2 Clinical need and practice

2 Clinical need and practice

2.1 Haemorrhoidal tissue is a normal component of the anal canal and is composed predominantly of vascular tissue, supported by smooth muscle and connective tissue. It functions as a compressible lining that allows the anus to close completely. Internal haemorrhoids (also known as piles) are located beneath the lining of the anus and occur when the haemorrhoidal tissue of the distal rectum and anal canal prolapses. Internal haemorrhoids are usually classified according to the degree of prolapse, although this may not reflect the severity of the person's symptoms. First-degree haemorrhoids bleed but do not prolapse. Second-degree haemorrhoids prolapse on straining during bowel movements, and reduce spontaneously. Third-degree haemorrhoids prolapse on straining and require manual reduction. Fourth-degree haemorrhoids are prolapsed and cannot be manually reduced.

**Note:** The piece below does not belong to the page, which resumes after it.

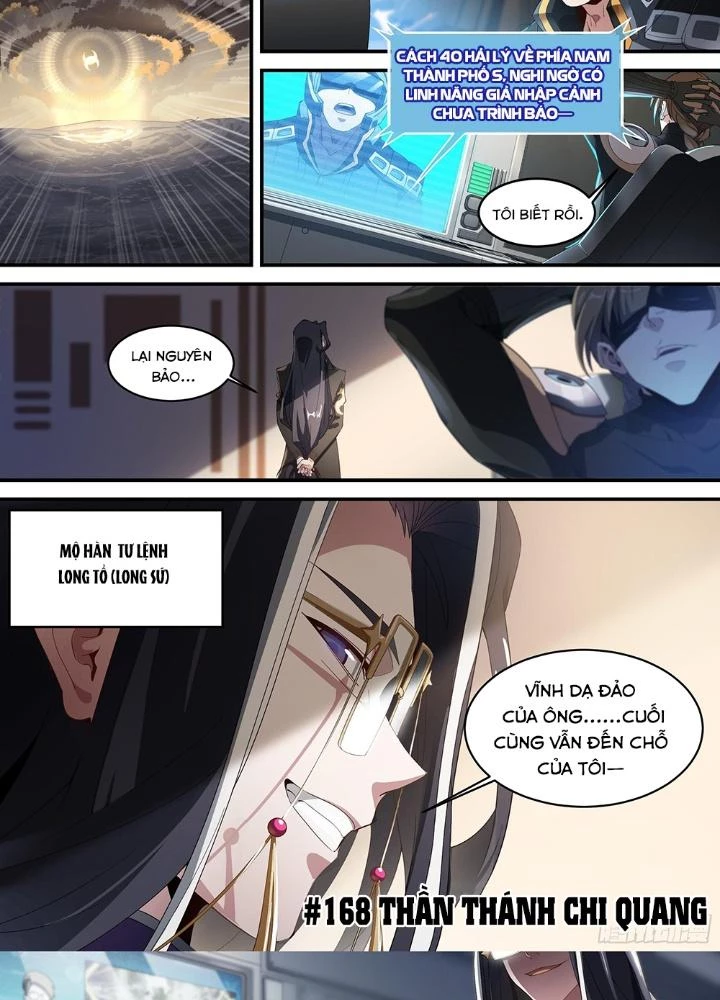 Siêu Thần Linh Chủ Chapter 168 - 3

2.2 A number of factors are known to be associated with the development of haemorrhoids, including increasing age, pregnancy and childbirth, chronic constipation, chronic diarrhoea, and family history of haemorrhoids. Estimates of the proportion of the UK population affected range from 4.4% to 24.5%. In 2004–5, approximately 23,000 haemorrhoidal procedures were carried out in England, of which approximately 8000 were excisional interventions.

2.3 Internal haemorrhoids may cause anal itching and irritation, bleeding during bowel movements and perianal pain. They sometimes protrude from the anus during bowel movements or may prolapse or extend outside the anus. External haemorrhoids can also occur. These are located near the anus and, although they cannot prolapse, may bleed if ruptured.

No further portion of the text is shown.